🤖 AI Summary
In multi-chiplet GPUs, GEMM operations suffer significant performance and energy efficiency degradation due to remote HBM accesses, while determining optimal data layouts and CTA scheduling strategies remains challenging. This work proposes a fast, functional-level, tile-granularity locality simulator that models CTA scheduling, per-chiplet L2 caches, and local/remote HBM accesses to efficiently evaluate inter-chiplet traffic for full-scale GEMMs in large language models. The study reveals, for the first time, that CTA traversal order is a first-order design variable governing remote traffic. Through AI-driven design space exploration, it demonstrates that a 2D block-interleaved traversal strategy can reduce remote traffic by up to 5.1× compared to the best 1D strategy, with traffic differences as high as 90× across different scheduling policies under identical GEMM configurations.
📝 Abstract
Multi-chiplet GPUs split memory into local and remote HBM regions across a silicon interposer, and reducing the remote HBM traffic is crucial for the performance and energy efficiency of multi-chiplet GPUs. For general matrix multiplication (GEMM), the dominant operator in large language models (LLMs), the resulting inter-chiplet traffic depends strongly on kernel choices such as operand layout, CTA traversal order, and data placement, and the optimal strategy to minimize remote accesses is nontrivial. We present a fast, functional, tile-level locality simulator that models CTA scheduling, per-chiplet L2 caches, and local/remote HBM accesses to evaluate a full-size LLM GEMM configuration.
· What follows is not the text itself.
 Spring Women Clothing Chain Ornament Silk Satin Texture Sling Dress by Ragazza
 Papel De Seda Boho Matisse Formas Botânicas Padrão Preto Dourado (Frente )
Across representative LLM GEMMs, the simulator shows that remote traffic varies by up to 90x across the design space for the same GEMM dimensions. Moreover, using the simulator as feedback, an agentic AI discovers that a 2D block-swizzle CTA traversal reduces remote traffic over the best 1D traversal by up to 5.1x under round-robin placement, identifying CTA traversal order as a first-order, GEMM-dependent design knob for inter-chiplet traffic.